Taehyung meringis kesakitan atas sebuah pukulan di bahunya dari kakakku. Syukurlah, akhirnya tangan kurang ajar itu menjauh dariku., "Aish Hyung, memangnya aku salah jika ingin menjaga adikmu dari para buaya di ruangan ini?"

"Tidak sih, tapi tetap saja tangan kotormu itu tak boleh menyentuh adikku, brengsek!" Jin Oppa buru-buru melepaskan bagian terluar tuksedonya.

"Aku sudah memaksanya dengan cara yang sama, Hyung. Tapi ditolak mentah-mentah olehnya," sungut Taehyung masih saja kesal.

Aku hanya memutar bola mataku malas. Paham jika Jin Oppa merupakan ketua asosiasi pilot se-Korea Selatan. Itu artinya dia akan memiliki sebuah pidato di acara ini, tak mungkin aku juga akan bersikap egois atas kakakku itu.

"Kalian berdua, pergilah. Membuatku muak saja." Aku segera berbalik badan dan menjauh.

"Yaa, Kim Jinae!" seru kedua pilot gila itu bersamaan. Tidak menghiraukan mereka, aku cepat-cepat menuju ke kursiku.

Sekarang semua aman, kan?

***

Benar saja, Kim Seokjin memang memiliki sesi yang tadi kusebutkan. Pria itu memang dilahirkan sempurna, hanya sedikit kurang waras saja. Lalu setelah rangkaian sambutan berakhir, ternyata acara dilanjutkan dengan penghargaan khusus kru-kru terbaik yang datang di jamuan malam ini.

I wonder why my man is just impeccable too.
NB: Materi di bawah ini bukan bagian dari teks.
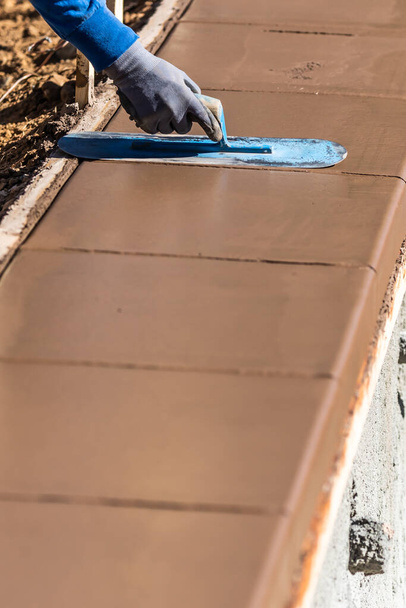 Trabalhador da construção civil usando espátula em cimento molhado formando enfrentamento em torno de nova piscina. - Foto, Imagem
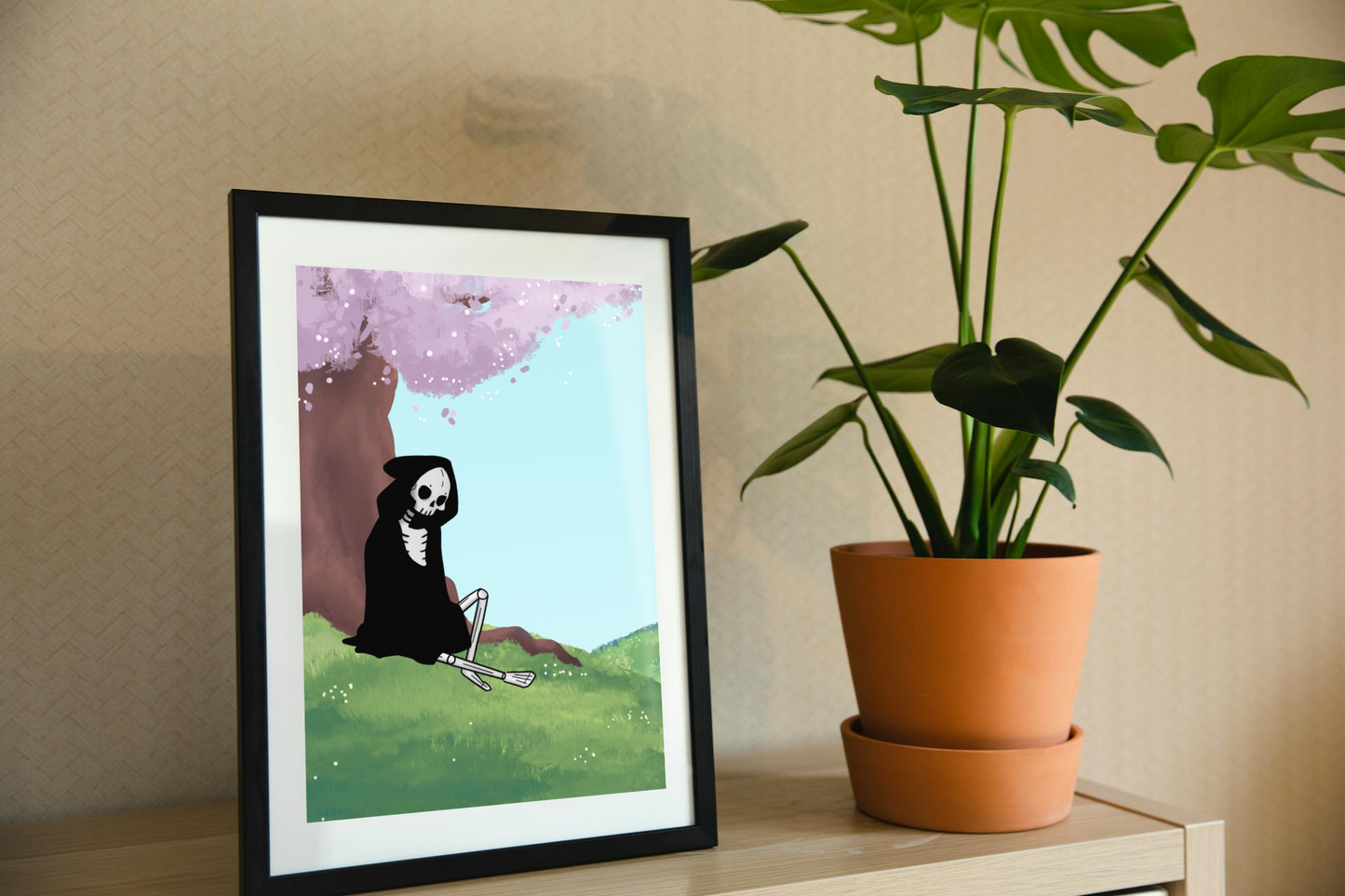 Framed art print on a shelf next to a house plant. The framed art print is of a skeleton under a cherry blossom tree with a light blue sky in a hilly field next to a potted plant on a shelf.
Taehyung mendapat penghargaan atas poin kinerja tertinggi pada jajaran pilot. Tadinya aku hampir tak percaya, tapi mengingat kakakku yang lebih memilih penerbangan jarak jauh karena semata-mata untuk uang, penghargaan itu memang pantas didapat oleh Taehyung--- di luar kekuasaannya dalam bongkar pasang kru.

Nilai efektif dan efisien dari seluruh jam terbang Taehyung menjadi yang terbaik di antara semuanya. Tanpa pelanggaran kelebihan jam kerja dan juga dianggap sebagai pembuat keputusan yang sangat handal saat on-board.

Sangat menyadari jika strata kami jelas berbeda. Jika Taehyung termasuk golongan pilot kelas teratas bersama kakakku dan teman-temannya, maka aku hanyalah pramugari rendahan yang tak bernilai. Mungkin juga berdasar jam terbang sesama rekan awak kabin, peringkatku bisa dibilang yang paling buncit. Apalagi hanya aku satu-satunya pramugari di angkatan 101 yang pernah mendapat hukuman grounded paling lama.

Aku berusaha tersenyum tulus, ikut berbangga atas pencapaian Taehyung di depan sana. Walau rasanya ada secuil rasa iri di dalam hatiku. Aku ini hanyalah manusia biasa.

"CAPT TAEHYUNG, AKU MENCINTAIMU!" Teriakan itu bukan berasal dari mulutku, melainkan seorang pramugari senior yang tak tahu diri. Astaga, mengerikan sekali!

Taehyung yang baru saja akan memulai pidatonya terpaksa menempelkan jari telunjuknya ke bibir. Aku tercengang saat melihat bagaimana pria itu dapat membuat seisi ruangan besar ini hening dalam sekejap.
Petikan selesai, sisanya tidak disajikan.